The Life Experiences Subcommittee of the Commission on Women's Health voted to adopt a proposed scope statement that will guide the panel's interim work on women's health issues across the life course.
At the meeting the chair read a scope that ranges from reproductive autonomy and fertility to pregnancy, postpartum care, caregiving, safety, midlife health and menopause, and that authorizes the subcommittee to receive testimony, review pending or recent legislation, request agency briefings and develop legislative or budget recommendations for the 2027 session. Senator Russell Perry moved to adopt the scope and the chair called a voice vote that carried the measure.

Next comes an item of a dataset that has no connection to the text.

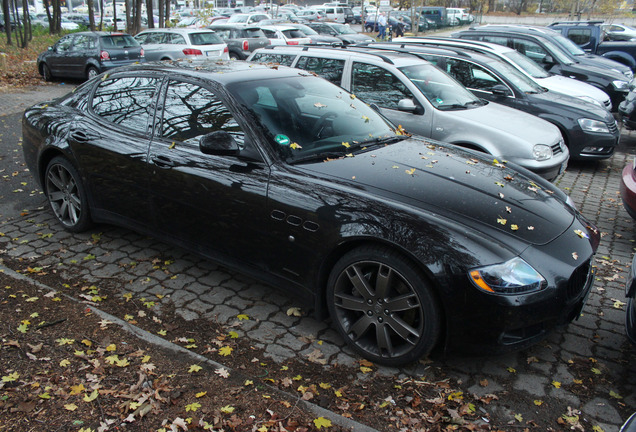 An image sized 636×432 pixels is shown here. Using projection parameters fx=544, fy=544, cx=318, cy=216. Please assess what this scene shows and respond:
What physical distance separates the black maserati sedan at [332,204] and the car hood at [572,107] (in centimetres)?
500

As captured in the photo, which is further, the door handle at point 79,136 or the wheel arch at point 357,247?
the door handle at point 79,136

Legislative Services senior counsel Sabrina Miller Bryson presented an overview of selected bills from the 2026 regular session. She highlighted measures that passed, including HB 1860 and HB 861 (directing jail authorities to set lactation policies and to compile pregnancy-related summaries for incarcerated people), HB 1353 (a workgroup to evaluate a statewide maternal health safety initiative), HB 1400 (requiring insurers to cover maternal health screenings) and HB 1403 (creating a Severe Maternal Morbidity Surveillance and Review program). Bryson noted effective dates and reporting deadlines where specified.
Bryson also summarized bills that failed, were continued or were stricken, across topics that the subcommittee flagged as potential priorities: fetal and infant mortality review teams (bills including HB 336/HB 1398/HB 822), doula coverage (HB 1468), home-care licensure and inspection (SB 241), a maternal remote-monitoring pilot (SB 721), human-trafficking training for short-term rental operators (HB 600/SB 182), and nondiscrimination and workplace-study provisions for menopause and perimenopause (HB 1173/SB 258). Staff noted fiscal-impact estimates and committee dispositions for many items.
Members discussed next steps for the subcommittee's workplan. Senator Russell Perry proposed inviting patrons of failed or withdrawn bills to brief the group so the subcommittee could determine whether additional data, stakeholder engagement or technical fixes would make measures viable. "It might be helpful ... to invite any of the folks who carried that legislation ... to present some of these bills," Perry said.
Delegate Shelly Simons, who said she previously carried similar corrections-related legislation, urged the panel to invite the State Board of Local and Regional Jails or the Department of Corrections and national best-practice groups to brief the subcommittee on implementation of lactation policies for incarcerated people. "We thought a letter would not be sufficient with the jail board; it needed the force of law," Simons said.
Members asked staff to compile a concise one-sheet summarizing what data current review teams collect and whether those data sets include location, race and payer type (including Medicaid) so the subcommittee can assess gaps and disparities. Bryson said she would research existing review-team data elements and return with a summary. The chair also asked staff to identify prior women's-health legislation the subcommittee should monitor for implementation and outcomes.
The chair said staff will poll members for July meeting dates (the virtual/electronic meeting policy requires in-person attendance for the next meeting) and requested presentations from agencies and patrons on priority topics, including maternal remote monitoring, fetal and infant mortality review practices, correctional lactation policy implementation and menopause/perimenopause workplace accommodations. The subcommittee adjourned after the scheduling discussion.
Actions recorded at the meeting include a motion to adopt the scope statement, which passed by voice vote; no roll-call tally was recorded in the meeting transcript.